> _Exercise instructions_:
Instruction for the listing below: copy exactly, and only, the lines from the one holding "241 N Vine St" through its last line, omitting any picture.

> _Records supplied_:

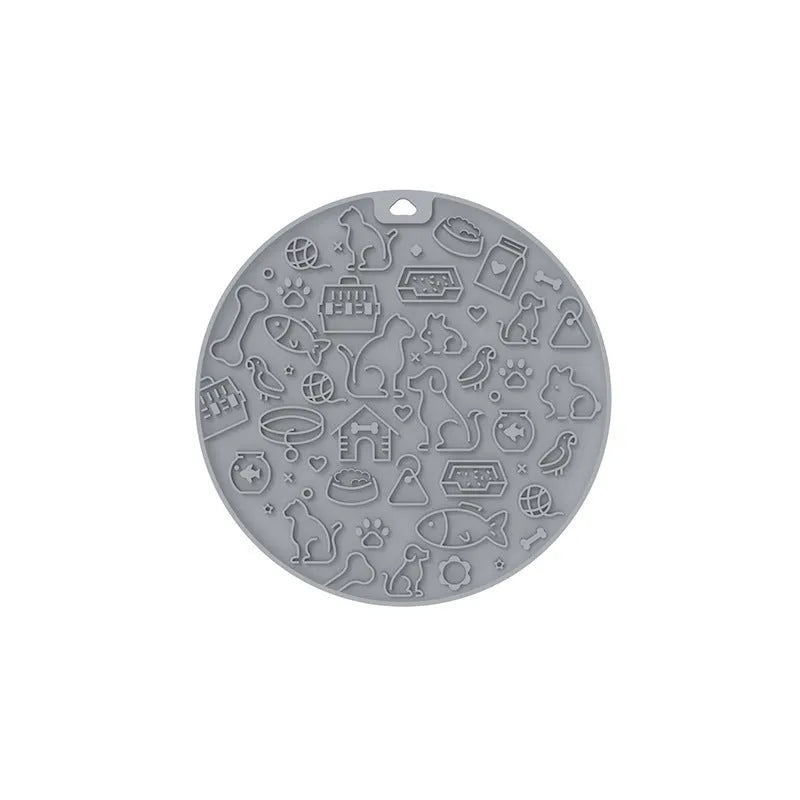 Round blue silicone pet licking mat with textured surface and white suction cup base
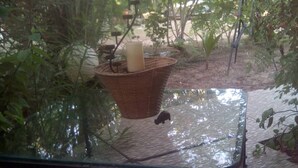 A glass table with a wicker basket containing a candle and a small figurine.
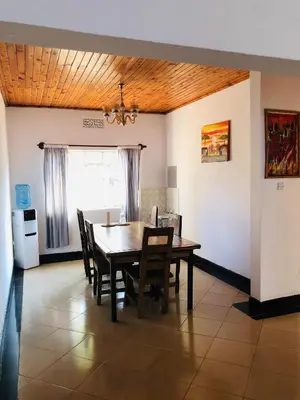 a dining room with a table and chairs at COZY NYUMBA in Arusha
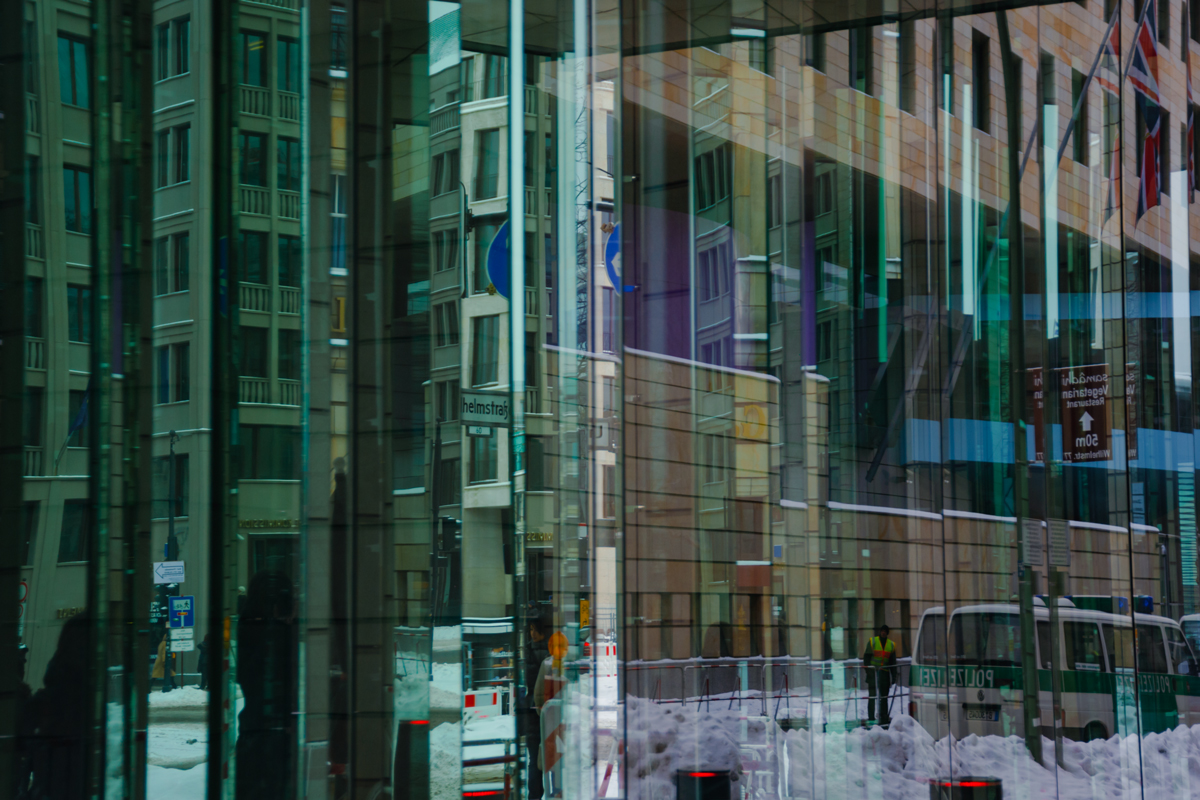 Spiegelnde Glasfassaden und überlagerte Architektur in einer Berliner Seitenstraße im Winter
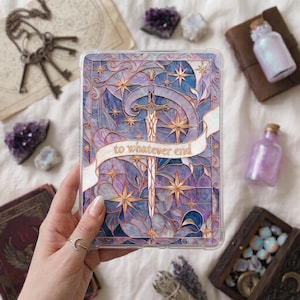 Può includere: Una custodia protettiva trasparente per tablet con un'illustrazione in stile vetrata raffigurante una spada al centro di motivi vorticosi blu e viola e stelle dorate, con un nastro bianco che riporta il testo to whatever end in oro.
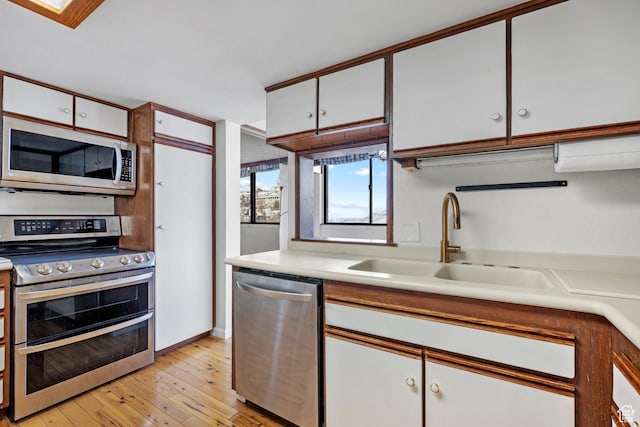 241 N Vine St W Unit 1101E, Salt Lake City, UT 84103 - kitchen featuring sink, stainless steel appliances, light hardwood / wood-style floors, and white cabinets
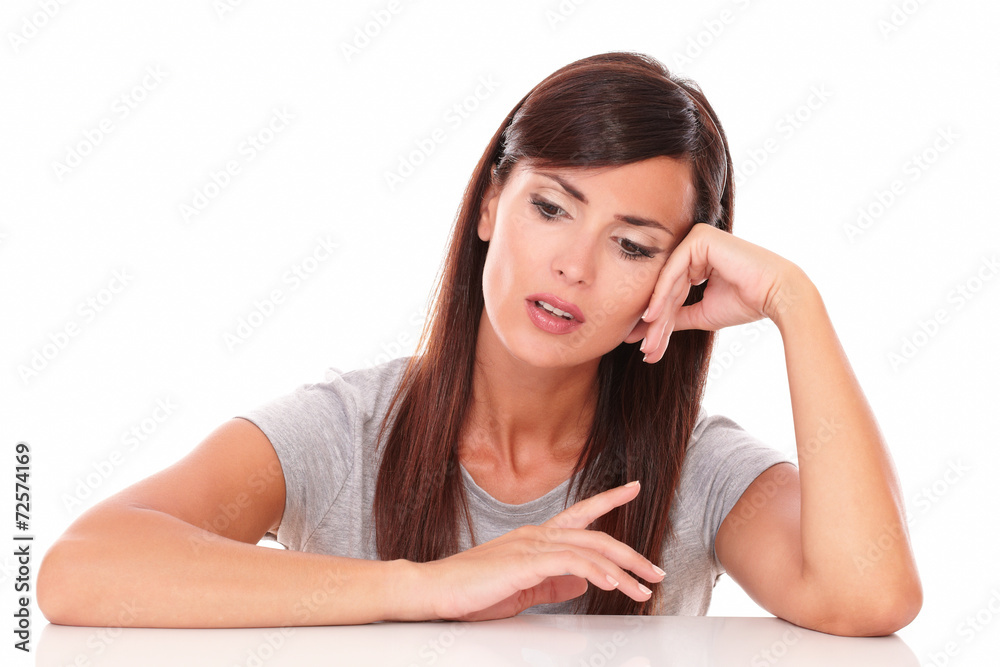 Friendly latin female wondering while looking down Friendly latin female wondering while looking down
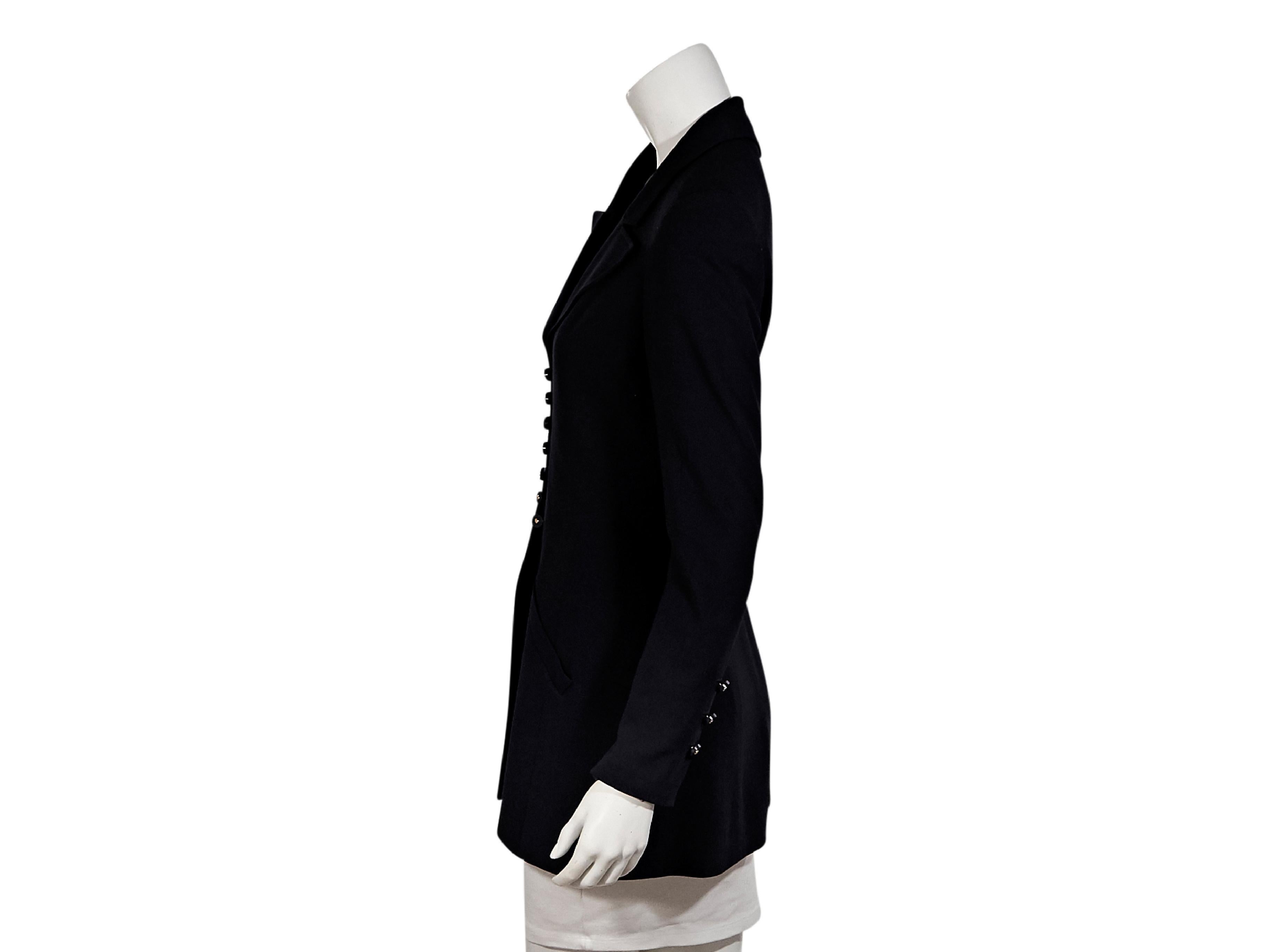 Product details:  Vintage navy blue wool jacket by Chanel.  Notched lapel.  Long sleeves.  Three-button detail at cuffs.  Button-front closure.  36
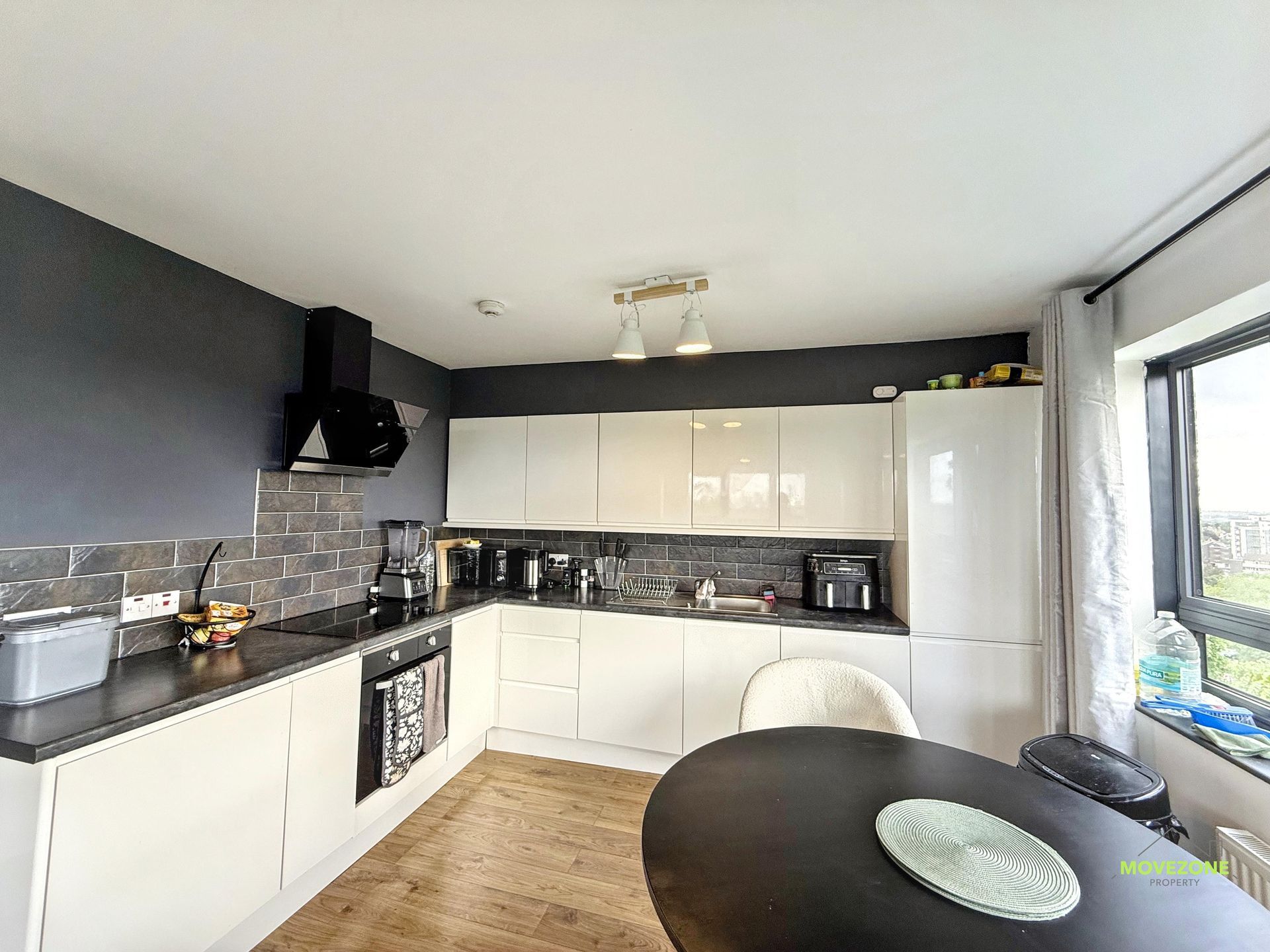 Modern black-and-white kitchen with wood floor, window, and round dining table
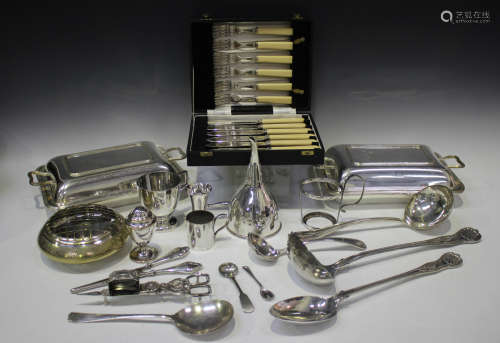 A collection of plated items, including a wine funnel, a pai...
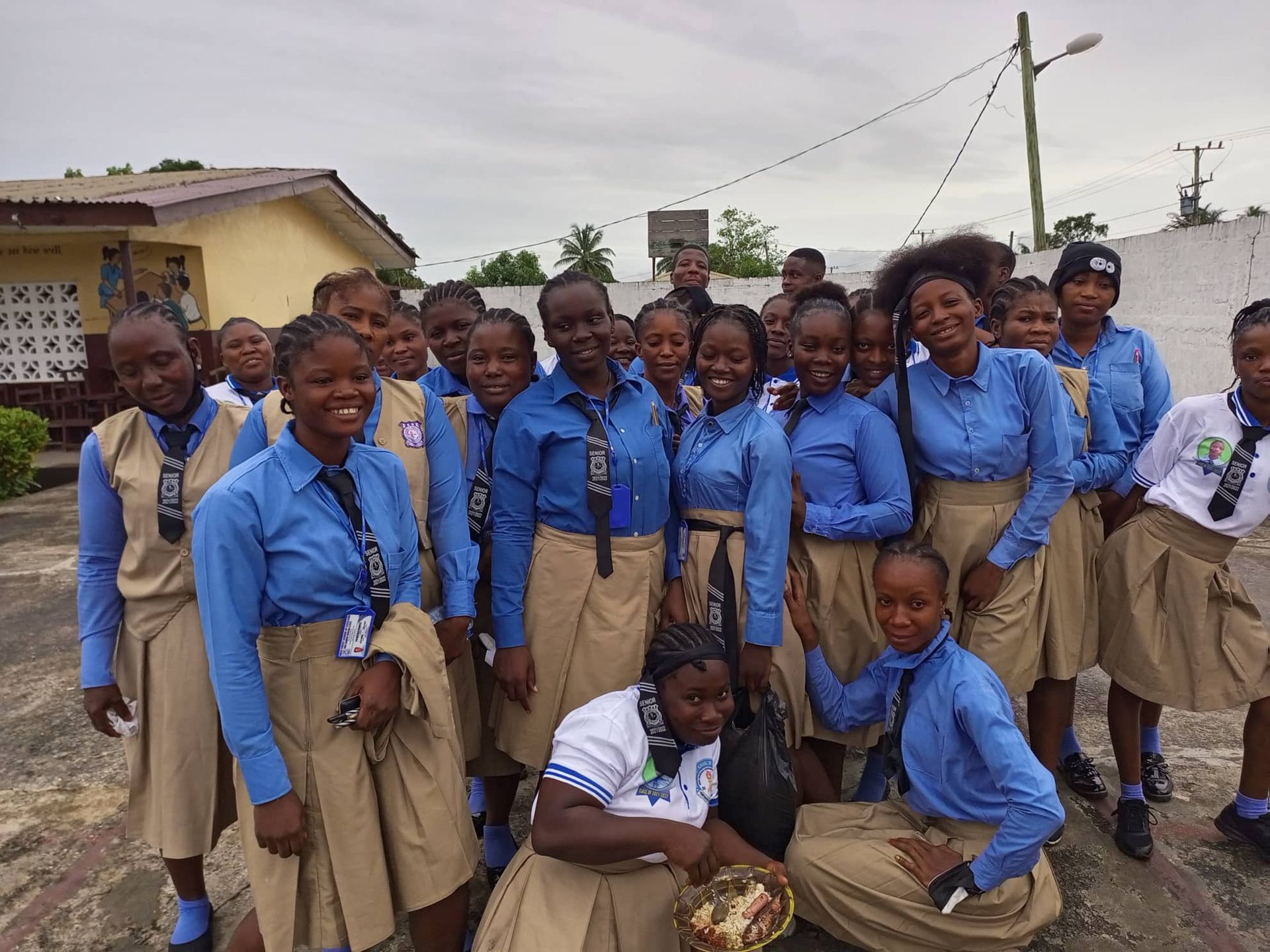 Group of students in blue shirts and tan skirts posing outdoors in a courtyard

> _Result for this task_:
 241 N Vine St W Unit 1101E, Salt Lake City, UT 84103 - kitchen featuring sink, stainless steel appliances, light hardwood / wood-style floors, and white cabinets
 Friendly latin female wondering while looking down Friendly latin female wondering while looking down
 Product details:  Vintage navy blue wool jacket by Chanel.  Notched lapel.  Long sleeves.  Three-button detail at cuffs.  Button-front closure.  36
 Modern black-and-white kitchen with wood floor, window, and round dining table
 A collection of plated items, including a wine funnel, a pai...
 Group of students in blue shirts and tan skirts posing outdoors in a courtyard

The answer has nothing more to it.